Todos sabemos nos dias de hoje que as maiores catástrofes ambientais e de destruição de natureza e fauna se deve, em grande medida, ao capitalismo selvagem que impera no mundo onde a procura desenfreada do lucro é o alfa e o ómega das grandes multinacionais em conluio com os governos que nos (des)governam.
O desaparecimento de inúmeras espécies tem muito que ver com grandes negócios e o desprezo puro e simples por tudo e todos que não seja a contabilidade de milhões dos 1% de poderosos e bilionários contra os 99% da população mundial. No caso de Portugal também temos inúmeros exemplos. O desprezo face a parques naturais e as espécies protegidas, por exemplo. Ora vejamos um caso bem aqui à nossa porta.
Recentemente foi anunciada a realização das denominadas “I Jornadas Internacionais Sustentabilidade Económica dos Espaços Ordenados e Protegidos” baseando-se na falsa premissa de uma “vocação cinegética do Parque Nacional da Peneda-Gerês”. Estas jornadas estão agendadas para os dias 13 e 14 de Abril nos Arcos de Valdevez.
O evento é apoiado organizado pelo Clube Nacional de Monteiros e pelo Safari Clube Internacional – Lusitanea Chapter, com o apoio do Ministério do Ambiente, da Câmara Municipal dos Arcos de Valdevez, da Região de Turismo Porto e Norte, do ICNF – Instituto da Conservação da Natureza e da ARDAL – Associação Regional de Desenvolvimento do Alto Lima.
Como em todas as actividades que envolvem a utilização, maltrato e morte de animais, e num país onde as dificuldades económicas e financeiras estão sempre na ordem do dia, o tema da sustentabilidade económica surge para disfarçar o verdadeiro objectivo deste evento, isto é abrir os espaços do nosso único parque nacional aos disparos das armas cujas miras apontam àquele que nos nossos dias é quase o símbolo por excelência da Peneda-Gerês, a cabra selvagem.

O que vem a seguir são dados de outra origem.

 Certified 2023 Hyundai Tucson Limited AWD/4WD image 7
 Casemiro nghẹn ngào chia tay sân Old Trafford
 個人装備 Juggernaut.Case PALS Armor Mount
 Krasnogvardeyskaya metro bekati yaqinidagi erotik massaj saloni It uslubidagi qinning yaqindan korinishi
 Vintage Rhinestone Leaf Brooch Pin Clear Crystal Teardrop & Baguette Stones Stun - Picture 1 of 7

Extinta em finais do Século XIX devida à caça, a cabra selvagem repovoa agora as serranias de muitas zonas na Peneda-Gerês em resultado de uma «reintrodução» ocorrida nos anos 90. Para quem caminha pelas montanhas da Serra do Gerês ou da Serra Amarela, o verdadeiro prémio do dia é o avistamento emblemático destes animais em liberdade.
O próprio ICNF define Parque Nacional como “…uma área que contenha maioritariamente amostras representativas de regiões naturais características, de paisagens naturais e humanizadas, de elementos de biodiversidade e de geossítios, com valor científico, ecológico ou educativo. A classificação de um Parque Nacional visa a proteção dos valores naturais existentes, conservando a integridade dos ecossistemas, tanto ao nível dos elementos constituintes como dos inerentes processos ecológicos, e a adoção de medidas compatíveis com os objetivos da sua classificação.”

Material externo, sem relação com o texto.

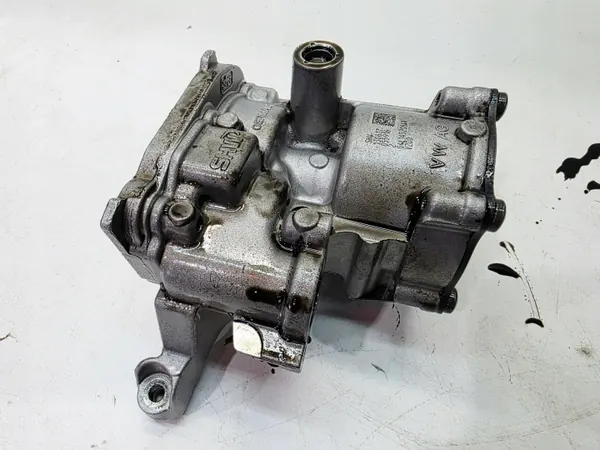 Pompe à huile d'occasion OEM 04L145208AA Audi 2.0 TDI image 10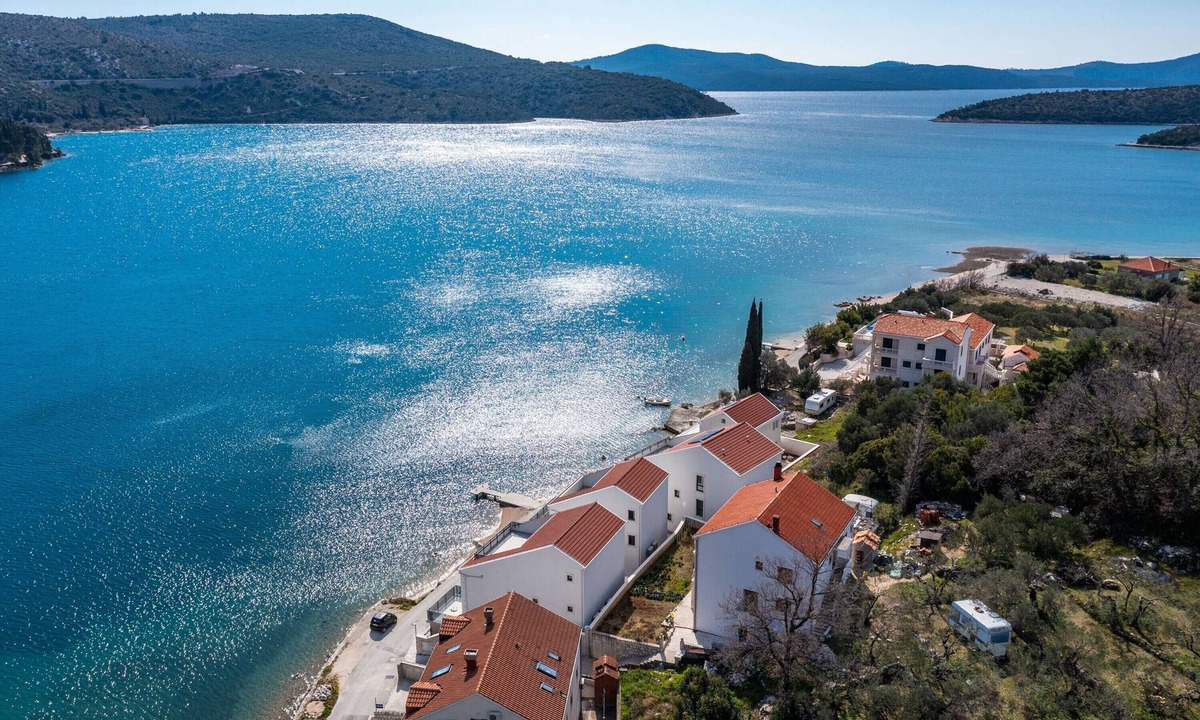 Slano Apartment | Apartment Bobić- Three Bedroom Apartment with Balcony and Sea View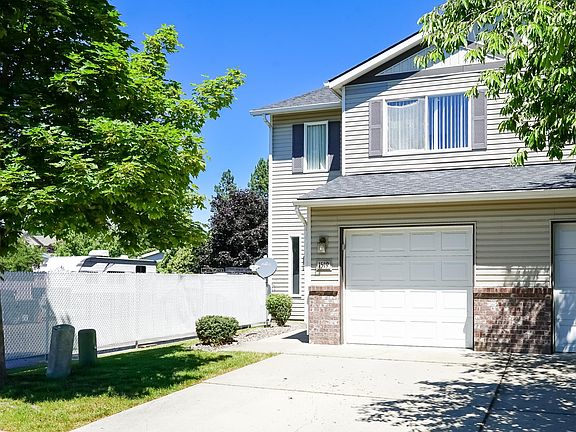 2nd image of 1515 W Hyacinth Ln #1515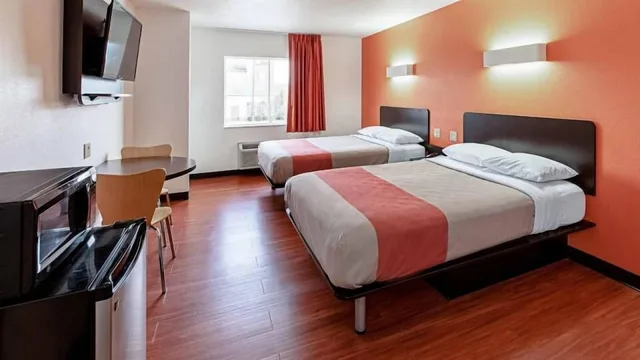 غرفة ديلوكس بسريرين مزدوجين بمطبخ، Motel6 Lebanon, IN 1/6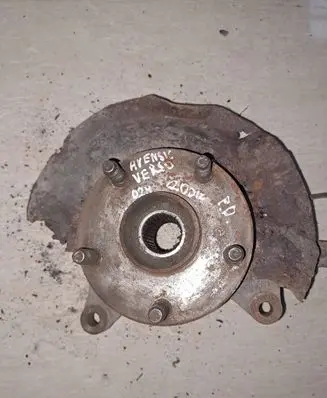 Toyota Avensis Verso Front wheel hub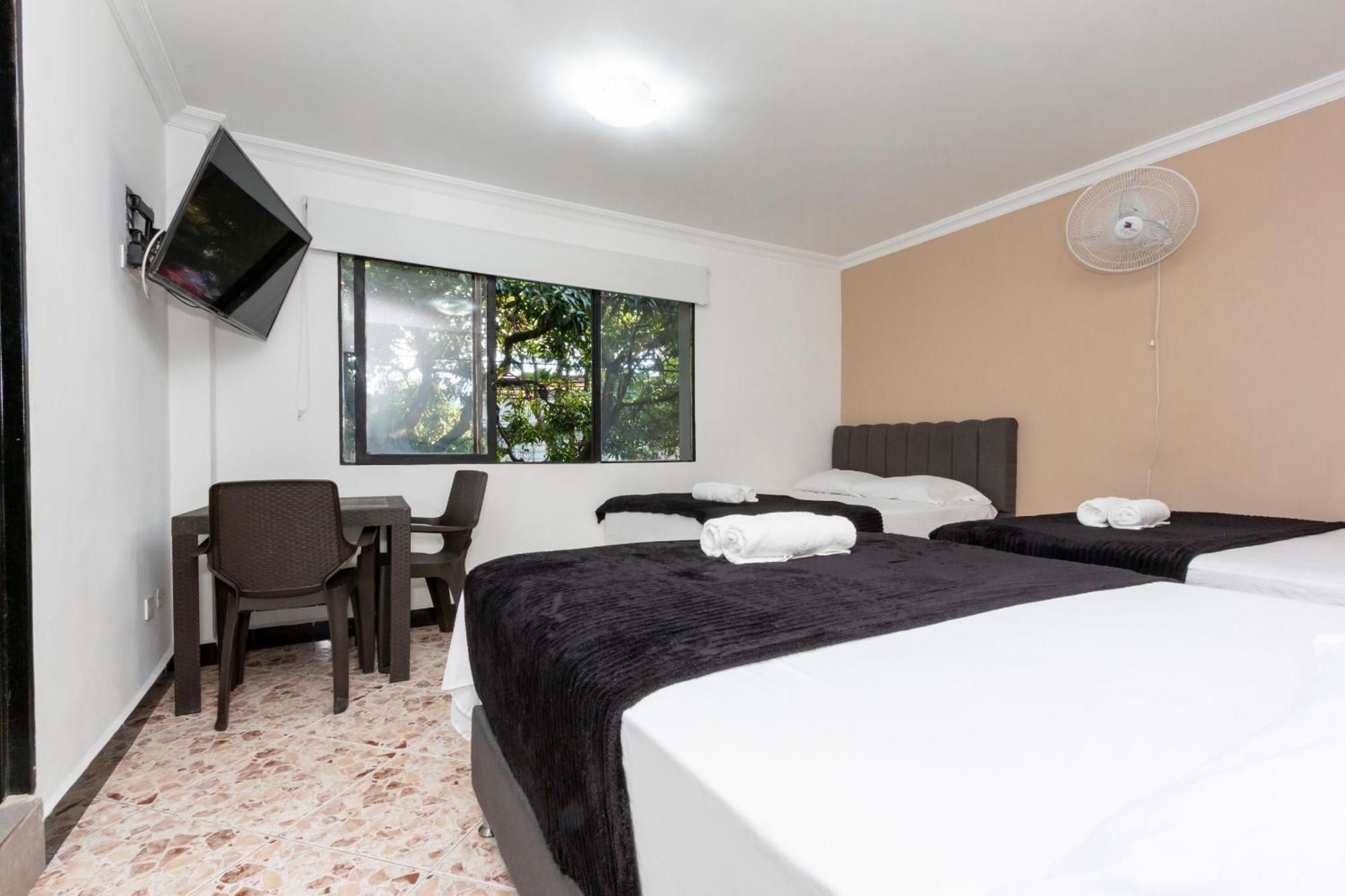 Hotel De Leon Estadio Меделин Екстериор снимка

Um parque nacional jamais pode ser uma coutada de caça grossa, tal como estas jornadas pretendem promover, principalmente numa altura em que o sistema ecológico ainda não se reequilibrou.
Há já muito tempo que correm rumores de que as cabras selvagens são caçadas na Serra do Gerês por gente que é transportada de helicóptero, gente esta ligada às esferas mais altas do Estado (juízes, secretários de estado, etc.) e que usam as serranias geresianas para os seus devaneios sanguinários onde a morte sádica e somente por puro divertimento ocupa um lugar central.

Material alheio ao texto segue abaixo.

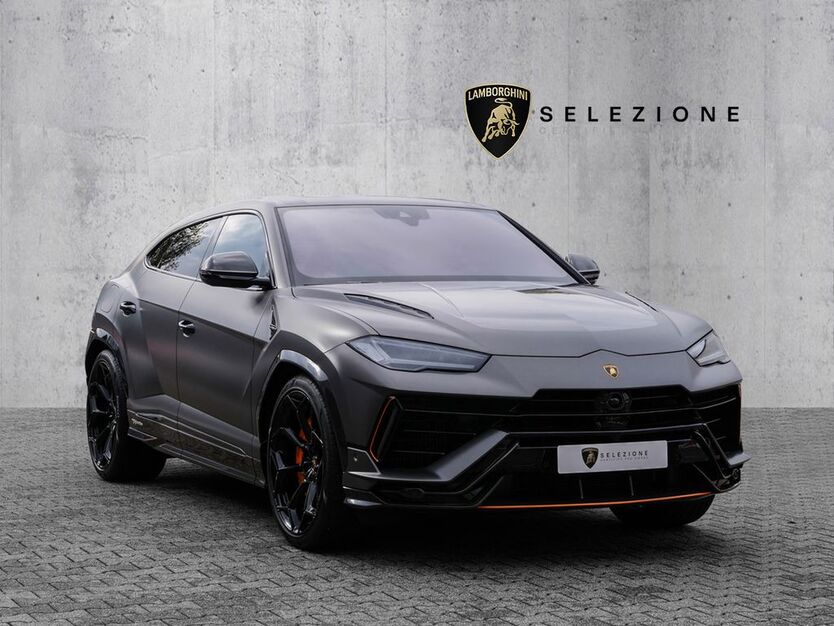 Lamborghini Urus 9.710 km 324.900 € Düsseldorf 40476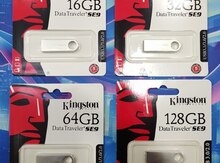 USB flaş kart Kingston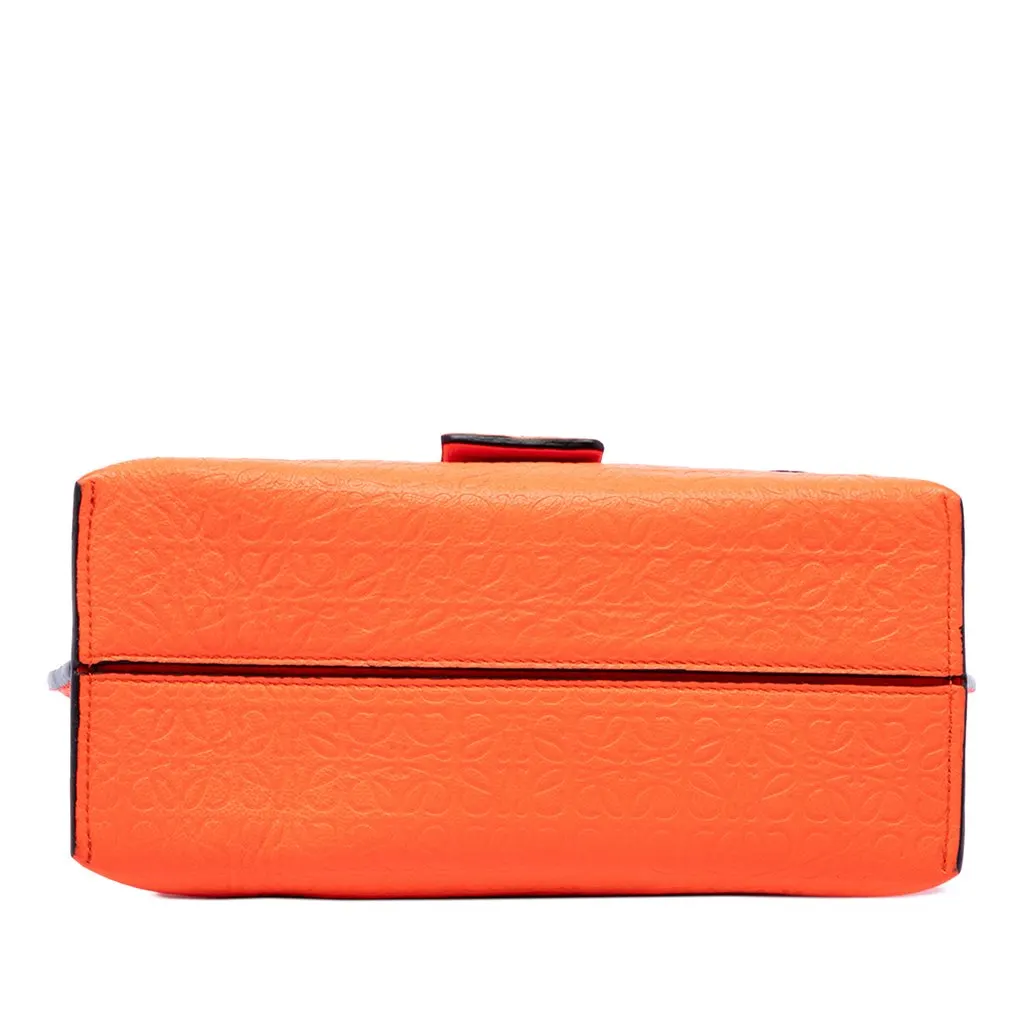 Loewe Embossed Anagram Leather Repeat Avenue Crossbody Orange Leather Very good - Inside View
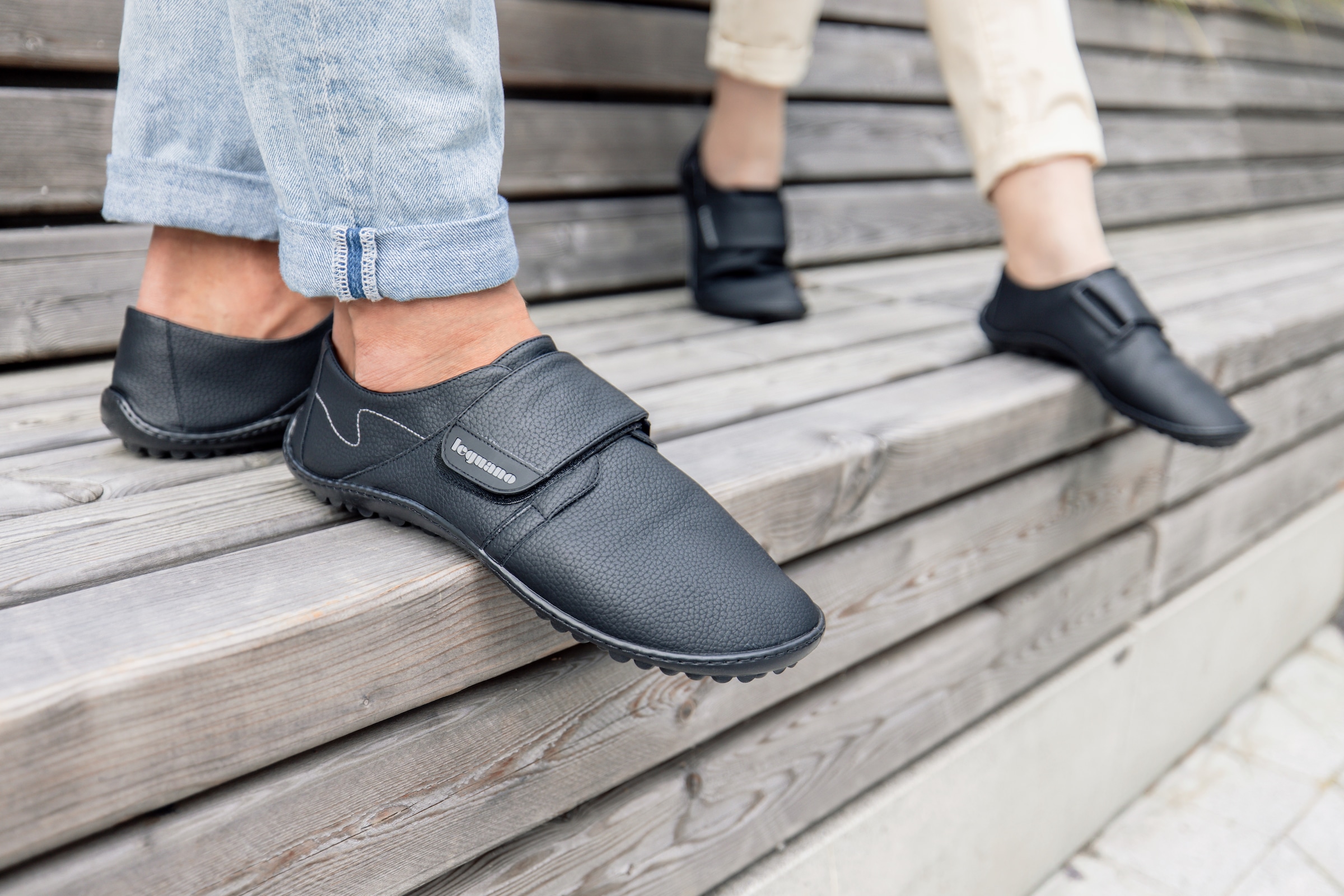 Leguano Chaussures pieds nus »NERON«  chaussure à scratch, chaussure confortable, flats avec fermeture pratique à scratch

Os artigos publicados na revista “Caça & cães de caça” na sua edição de Outubro de 2016, mostram (“A cabra-montês no Gerês – Poderemos vir a caçá-la?” e “O potencial da cabra-montês do Gerês”) as intenções desta gente sem escrúpulos pertencente ao denominado SCI Lusitania Chapter (Safari Club International) que somente se interessa pela vida selvagem como uma forma de satisfazer o seu prazer da morte. Este clube tem vindo a promover caçadas ao leopardo no Zimbábue, e a leões e rinocerontes na África do Sul.
Devido às denúncias e protestos levados a cabo por inúmeras pessoas, o evento nos Arcos de Valdevez acabou por ser suspenso «por razões técnicas» mas não podemos deixar de estar atentos a estes movimentos que querem transformar o nosso único Parque Nacional numa coutada de caça à cabra selvagem para os mais ricos e cruéis.
Cabe aqui chamar à atenção do nosso governo tido como um governo de esquerda (que não é a nossa opinião), de geringonça, com o apoio continuado do BE e do PCP e até de um partido supostamente de apoio aos animais (o PAN), como é possível que permitam a organização de eventos de caça a uma espécie protegida em pleno Parque natural protegido? Cabe exigir ao governo acabar de vez com este tipo de caçadas disfarçadas.